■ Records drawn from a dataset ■
=-=-=-=-=
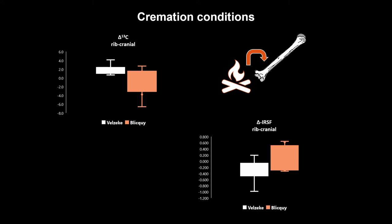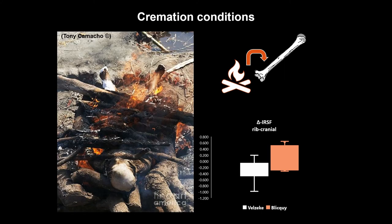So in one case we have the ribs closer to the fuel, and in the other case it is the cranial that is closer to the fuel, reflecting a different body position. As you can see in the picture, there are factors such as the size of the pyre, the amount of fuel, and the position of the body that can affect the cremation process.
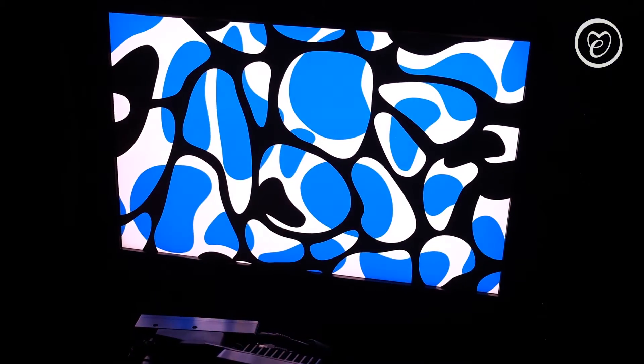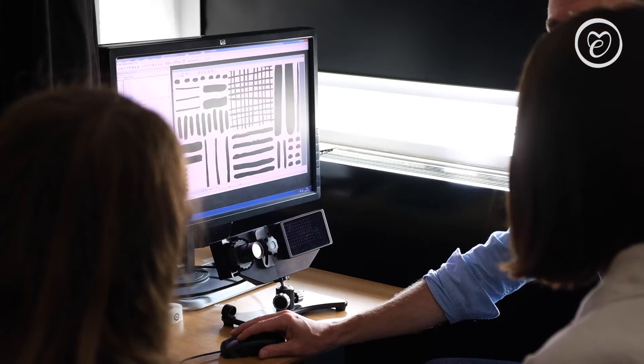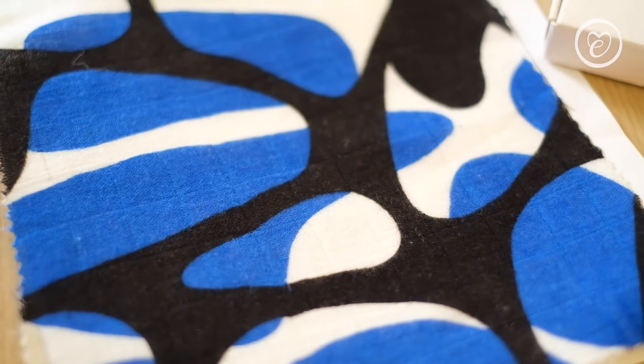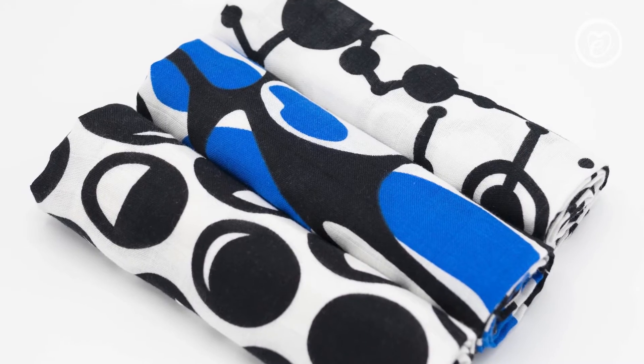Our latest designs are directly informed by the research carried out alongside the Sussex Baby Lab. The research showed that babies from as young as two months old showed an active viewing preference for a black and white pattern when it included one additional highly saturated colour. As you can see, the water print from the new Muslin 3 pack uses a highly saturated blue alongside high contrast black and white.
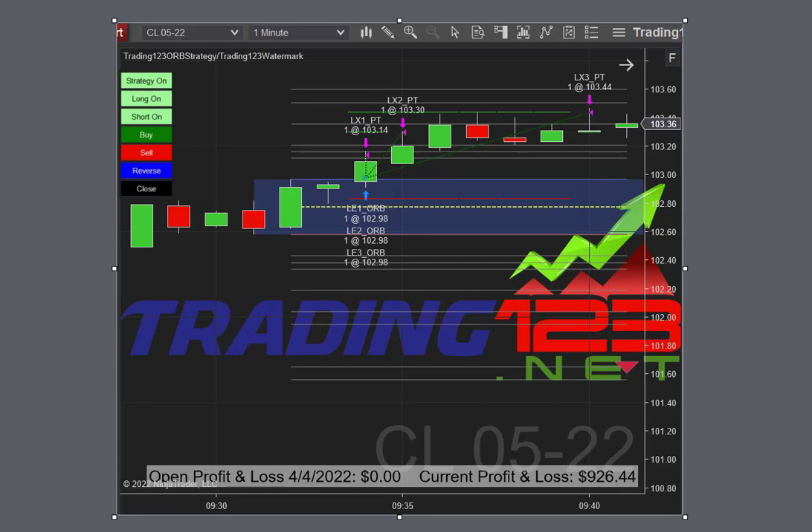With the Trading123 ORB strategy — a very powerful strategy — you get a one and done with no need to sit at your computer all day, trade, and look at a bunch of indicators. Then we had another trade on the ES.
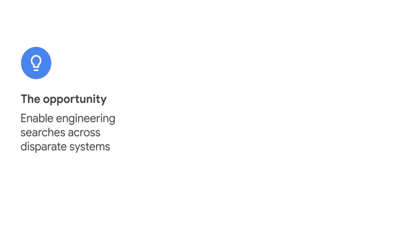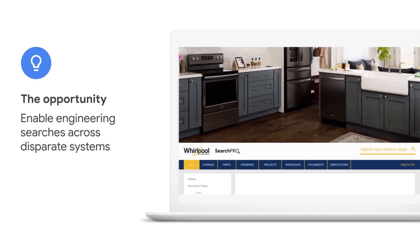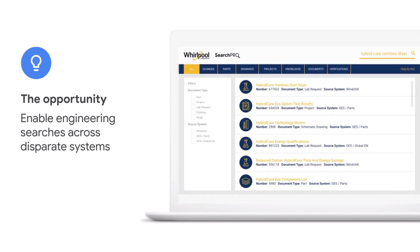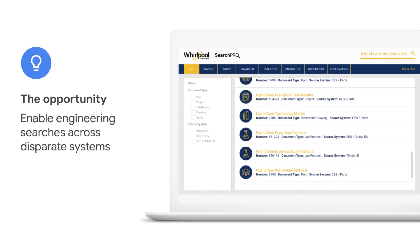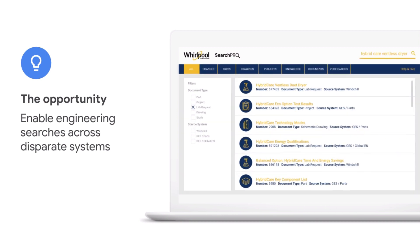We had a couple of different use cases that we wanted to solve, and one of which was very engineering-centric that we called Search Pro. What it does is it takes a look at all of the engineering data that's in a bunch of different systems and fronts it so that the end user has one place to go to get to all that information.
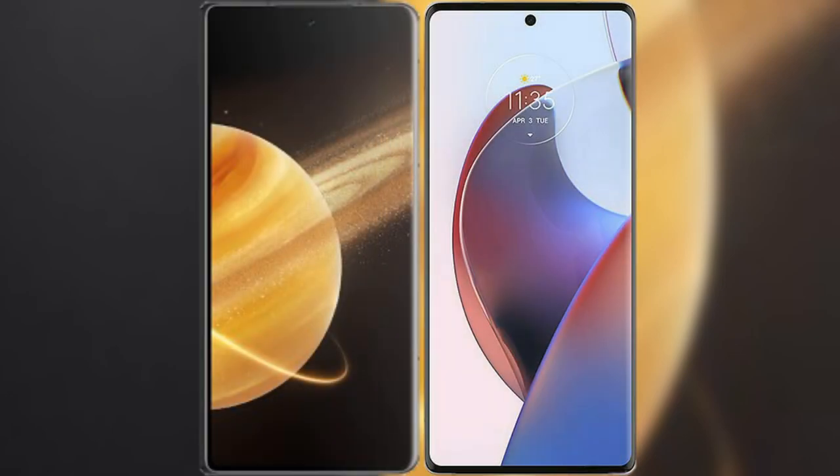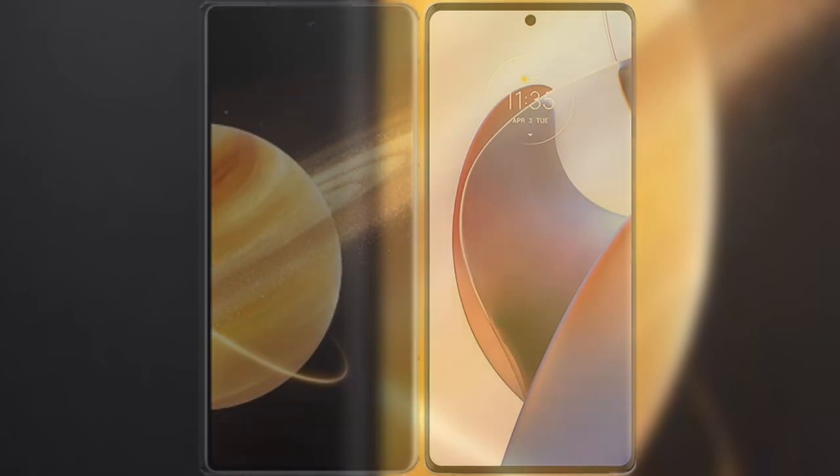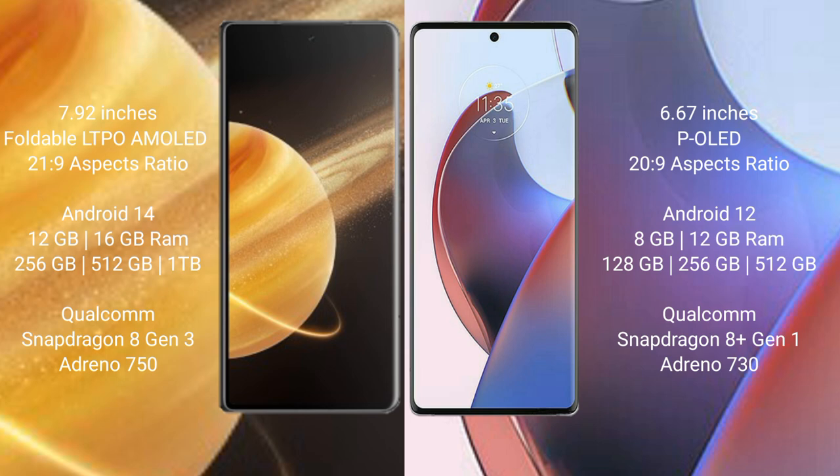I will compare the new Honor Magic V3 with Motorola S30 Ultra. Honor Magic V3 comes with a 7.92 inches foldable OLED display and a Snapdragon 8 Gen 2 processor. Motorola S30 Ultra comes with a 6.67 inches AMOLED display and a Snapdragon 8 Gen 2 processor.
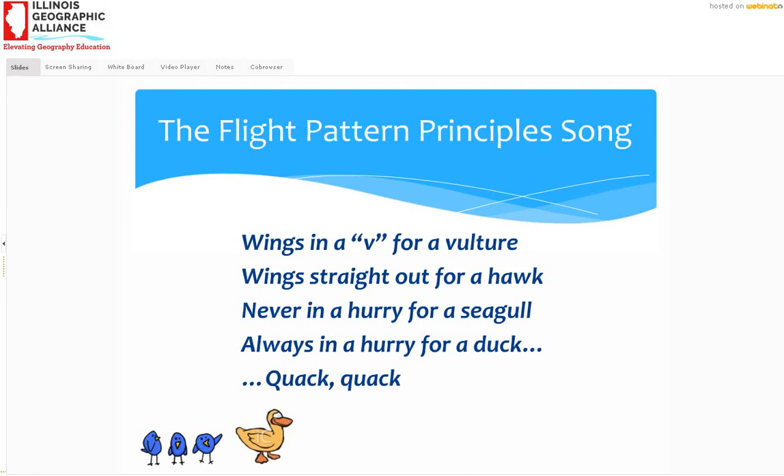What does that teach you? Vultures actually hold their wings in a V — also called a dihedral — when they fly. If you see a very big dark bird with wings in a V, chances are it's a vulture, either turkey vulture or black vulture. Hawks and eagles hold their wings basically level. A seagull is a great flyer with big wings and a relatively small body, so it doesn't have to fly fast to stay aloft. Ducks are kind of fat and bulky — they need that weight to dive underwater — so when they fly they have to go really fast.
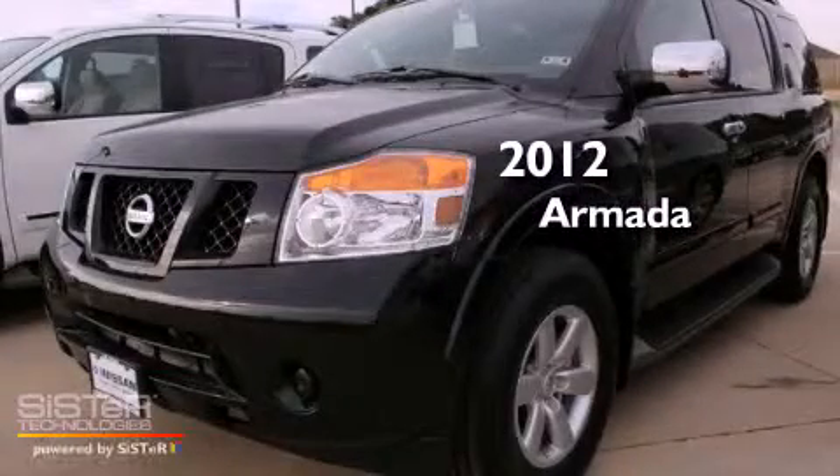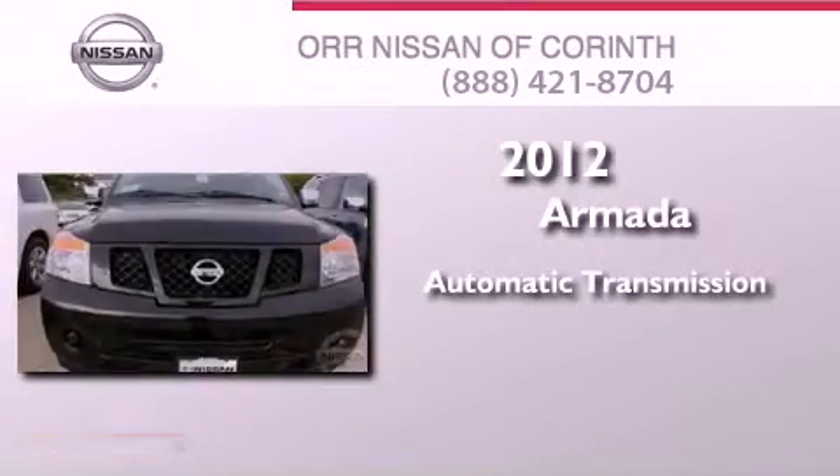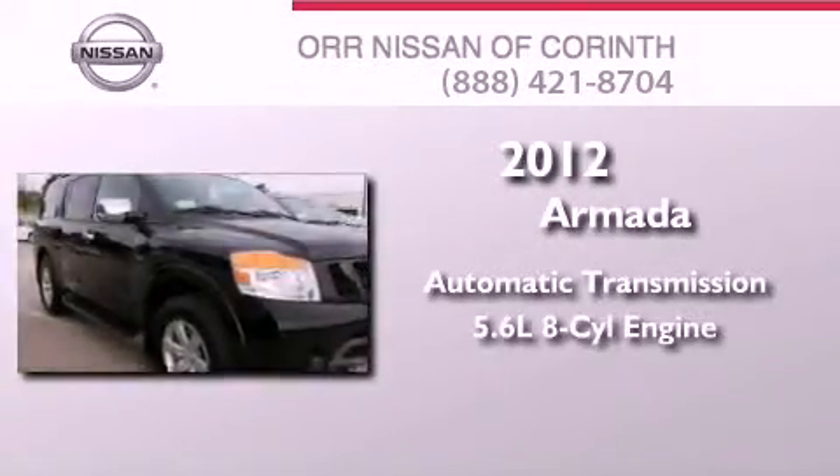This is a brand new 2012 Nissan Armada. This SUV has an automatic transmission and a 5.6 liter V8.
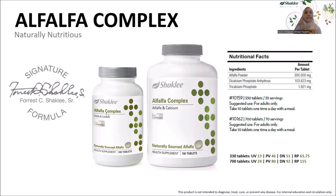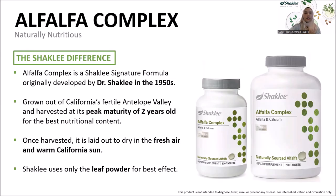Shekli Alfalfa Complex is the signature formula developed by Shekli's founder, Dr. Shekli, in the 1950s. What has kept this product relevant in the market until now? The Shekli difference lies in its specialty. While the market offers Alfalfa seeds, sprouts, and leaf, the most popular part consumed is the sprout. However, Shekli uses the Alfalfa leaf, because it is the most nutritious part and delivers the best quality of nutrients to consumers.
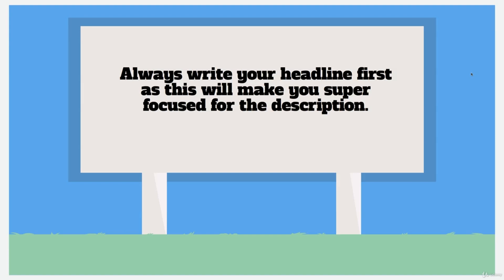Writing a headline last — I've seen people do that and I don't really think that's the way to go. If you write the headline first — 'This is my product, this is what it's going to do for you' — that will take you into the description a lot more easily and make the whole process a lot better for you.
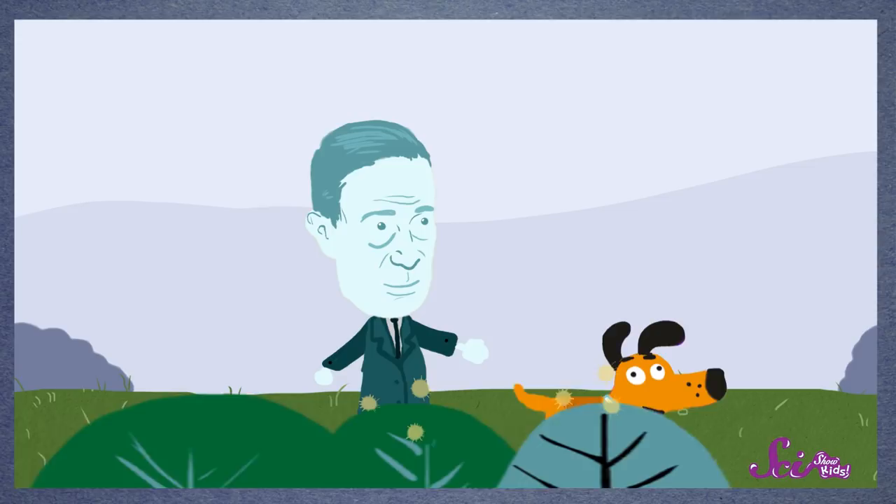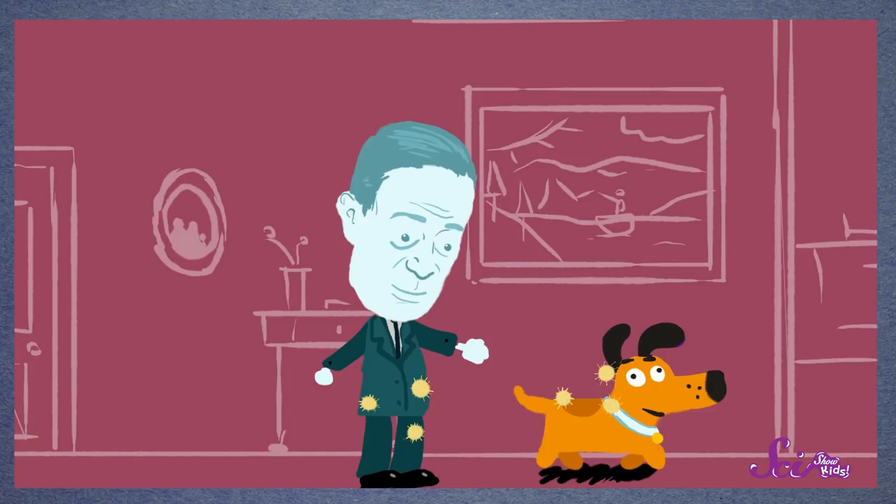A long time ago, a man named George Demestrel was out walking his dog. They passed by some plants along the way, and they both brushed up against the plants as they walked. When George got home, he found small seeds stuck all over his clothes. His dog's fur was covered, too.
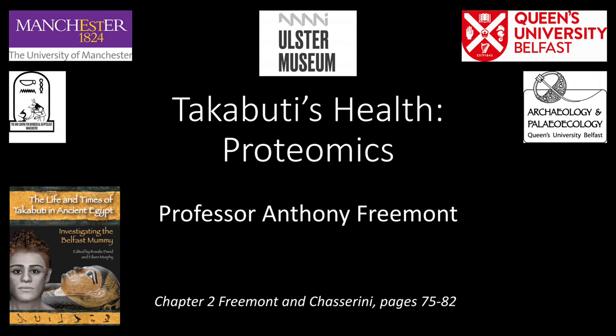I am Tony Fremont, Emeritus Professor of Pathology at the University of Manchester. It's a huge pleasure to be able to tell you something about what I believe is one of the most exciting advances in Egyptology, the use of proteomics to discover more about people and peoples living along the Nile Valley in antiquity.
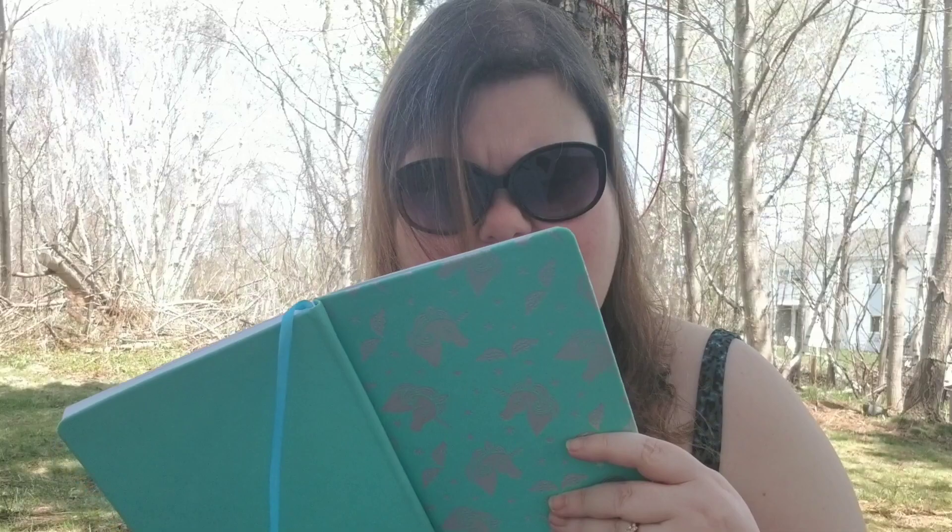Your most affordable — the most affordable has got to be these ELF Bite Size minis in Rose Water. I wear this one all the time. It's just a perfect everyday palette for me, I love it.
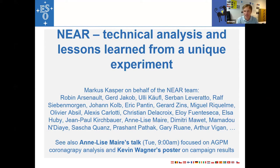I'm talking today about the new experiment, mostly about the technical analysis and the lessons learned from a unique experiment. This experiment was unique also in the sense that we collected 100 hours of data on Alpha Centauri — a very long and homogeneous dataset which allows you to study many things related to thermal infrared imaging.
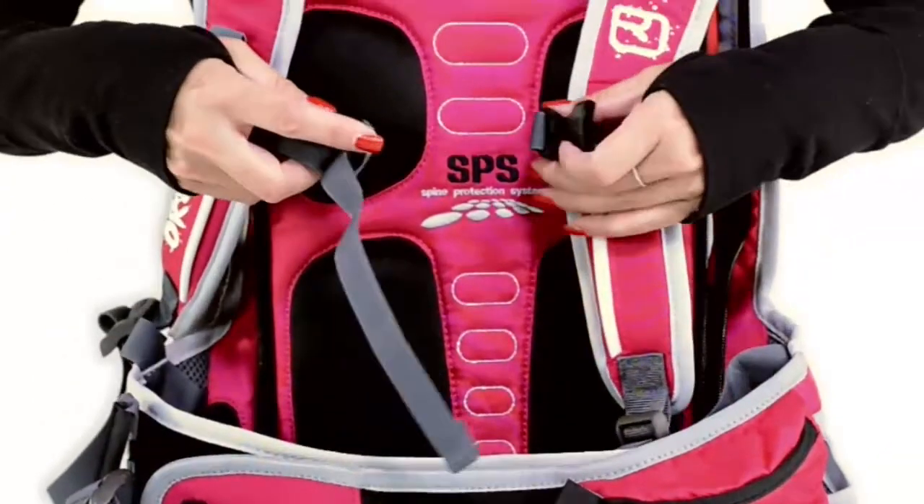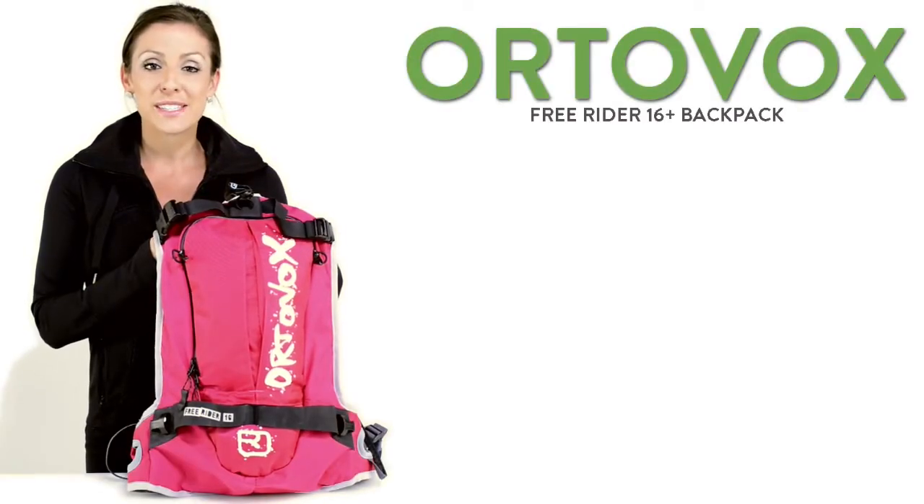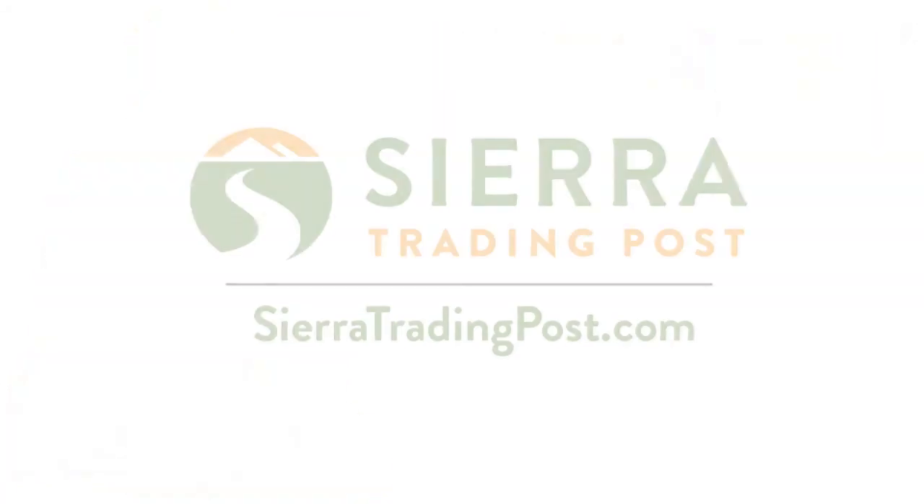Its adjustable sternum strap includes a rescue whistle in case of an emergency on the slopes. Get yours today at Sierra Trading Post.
=-=-=-=-=
■ AIM OF THE EXERCISE ■
How would the lines above read from the one with "Shekli Alfalfa Complex" to the one with "I am Tony Fremont, Emeritus", inclusive, with no pictures? Write them out exactly.

■ ANSWER BOX ■
Shekli Alfalfa Complex is the signature formula developed by Shekli's founder, Dr. Shekli, in the 1950s. What has kept this product relevant in the market until now? The Shekli difference lies in its specialty. While the market offers Alfalfa seeds, sprouts, and leaf, the most popular part consumed is the sprout. However, Shekli uses the Alfalfa leaf, because it is the most nutritious part and delivers the best quality of nutrients to consumers.
Writing a headline last — I've seen people do that and I don't really think that's the way to go. If you write the headline first — 'This is my product, this is what it's going to do for you' — that will take you into the description a lot more easily and make the whole process a lot better for you.
A long time ago, a man named George Demestrel was out walking his dog. They passed by some plants along the way, and they both brushed up against the plants as they walked. When George got home, he found small seeds stuck all over his clothes. His dog's fur was covered, too.
I am Tony Fremont, Emeritus Professor of Pathology at the University of Manchester. It's a huge pleasure to be able to tell you something about what I believe is one of the most exciting advances in Egyptology, the use of proteomics to discover more about people and peoples living along the Nile Valley in antiquity.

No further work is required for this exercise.